Lung Flashcards
How to determine if Chest tube is intraparenchymal or in the pleural space?
Look for pleural tag:
If CT in pleural space but surrounded by lung it will show a small area of lung invaginating around it and extending to pleural. Can see surround circular hyperdensity likely atelectatic lung
Ddx for cystic lung disease
LAM Langerhan cell histiocytosis Lymphocytic interstitial pneumonitis Honeycombing in UIP PCP Sarcoidosis Desquamative interstitial pneumonia Amyloidosis Birt-Hogg-Dube syndrome Light chain deposition disease Follicular bronchiolitis Cystic pulmonary metastases
Which one affects the spleen: silicosis or sarcoidosis
Sarcoidosis
Name diseases associated with pulmonary ossification
Idiopathic
Amyloidosis: nodular form
Drug reaction
UIP: disseminated form
What thoracic mass should you look for in a patient with myasthenia gravis
Thymoma
DDx of mosaic attenuation pattern
Obstructive small airway disease:
decreased perfusion to poorly ventilated regions (e.g. bronchiectasis, cystic fibrosis, constrictive bronchiolitis)

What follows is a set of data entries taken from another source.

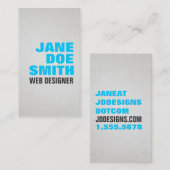 Vet en stijlvol visitekaartje (Voorkant / Achterkant)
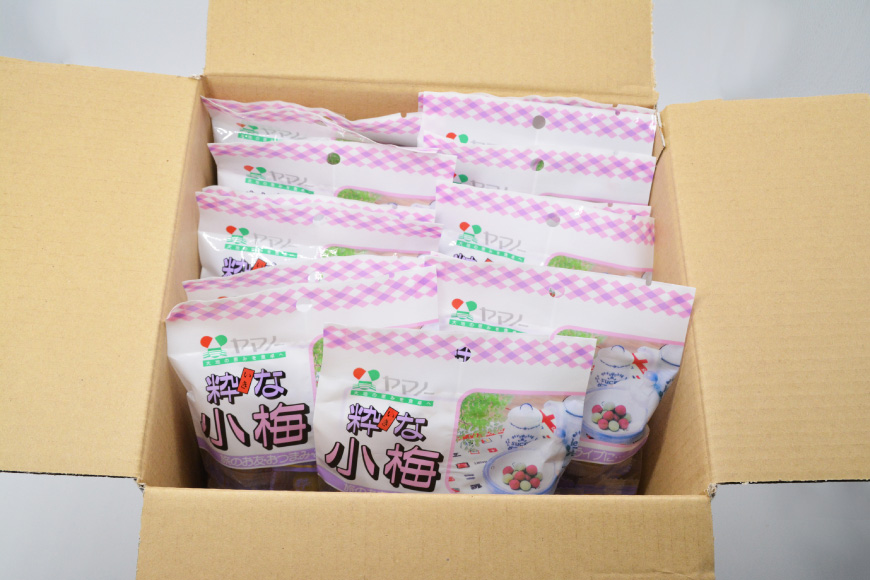 【やばいだろ】粋な小梅 30粒×15 計450粒 [山梨農産食品 山梨県 韮崎市 20743417] 梅干し 梅干 うめぼし 梅 小粒 小梅 カリカリ梅 国産 個包装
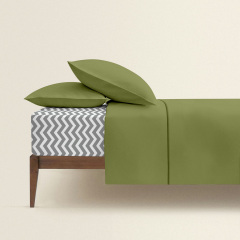 Двоспальна постіль з простирадлом на гумці Avocado CS15 COSAS 180х220 см Охтирка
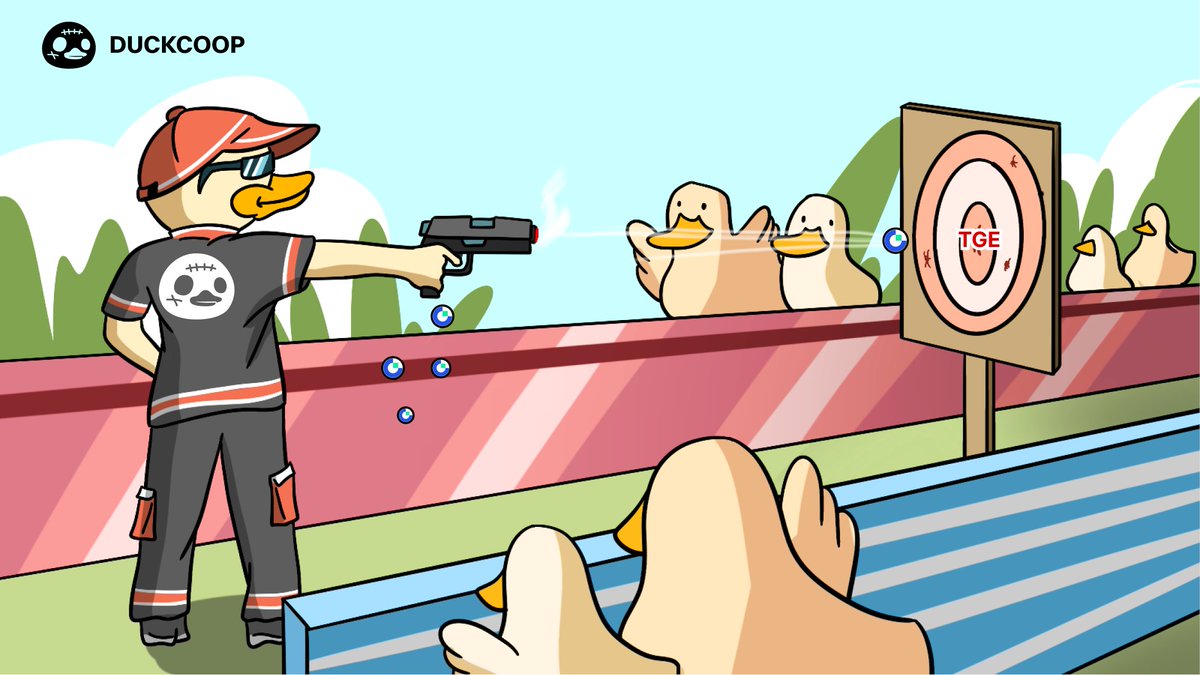 Duck the sharpshooter’s warming up! 🔥

Every perfect shot is built on countless hours of preparation. 🎯 

🎮 Gaming, Events, FREE $DUCKS: t.me/duckscoop_bot/…

#DuckCoop #DUCKS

Occlusive vascular disease:
relative oligaemia of low attenuation regions (e.g. chronic PE)
Parenchymal disease:
ground glass opacity in high attenuation regions
DDx of centrilobular lung nodules
- Bronchiolitis
- Infection /w endobronchial spread (mycoplasm, aspergillosis)
- bronchoalveolar carcinoma /w airway spread
- subacute hypersensitivty pneumonitis
- bronchiolitides (obliterative bronchiolitis)
- RB-ILD
- pulmonary vasculitides (churg strauss)
Describe pathology and imaging features of lymphocytic interstitial pneumonitis
diffuse infiltration of the interstitium and alveolar spaces by lymphocytes and plasma cells.
Diffuse mid to lower lung zone changes including GG opacities, nodules, cysts and bronchovascular/lymph channel thickening
What is the most common pattern of lung involvement in sjogren?
NSIP
Can also be UIP and LIP pattern
describe the typical findings of NSIP
bilateral areas of GG and reticulation - diffuse or basal predominant
traction bronchiectasis with peribronchovascular/basal predominance
loss of volume
temporal homogeneity
honeycombing rare
What malignancy has the same/similar features as benign lymphoproliferative disorders on HRCT?
MALT lymphoma
This should be kept in mind in patients known for primary sjogren syndrome
What is the most common neoplasm in patients with primary Sjogren syndrome?
MALT lymphoma
HRCT findings of lymphocytic interstitial pneumonia?
Diffuse, mid to lower lobe predominance
bilateral ground glass attenuation
air cysts
interlobular septal thickening
thickening of the peribronchovascular interstitium
poorly defined centrilobular or subpleural nodules
CT findings of MALT lymphoma in lung?
solitary or multiple nodules/masses with areas of air-space consolidation or ground glass attenuation
typically located along a bronchovascular bundle.
may have traction bronchiectasis.
may have interlobular septal thickening within or around the lesion.
What are the mediastinal manifestations of primary sjogren syndrome?
Lymphadenopathy
Thymic lymphoid hyperplasia
Multilocular thymic cysts
What are multilocular thymic cysts associated with? (other pathology or possible etiology)
Autoimmune disorders such as primary sjogren
post thoracic surgery
post chemotherapy
possible related to chronic noninfectious inflammation
What is the Ddx for multilocular thymic cyst?
Thymoma with severe cystic change
mature cystic teratoma
Hodgkin disease
if there is a solid component or irregular thickening of the cyst wall, it may indicate malignancy such as thymic carcinoma or MALT lymphoma
Lung manifestations of Primary Sjogren Syndrome?
Follicular bronchiolitis
Interstitial pneumonia (NSIP, UIP, organizing pneumonia, LIP)
MALT lymphoma
Amyloidosis
What is a ghon lesion and a ranke complex?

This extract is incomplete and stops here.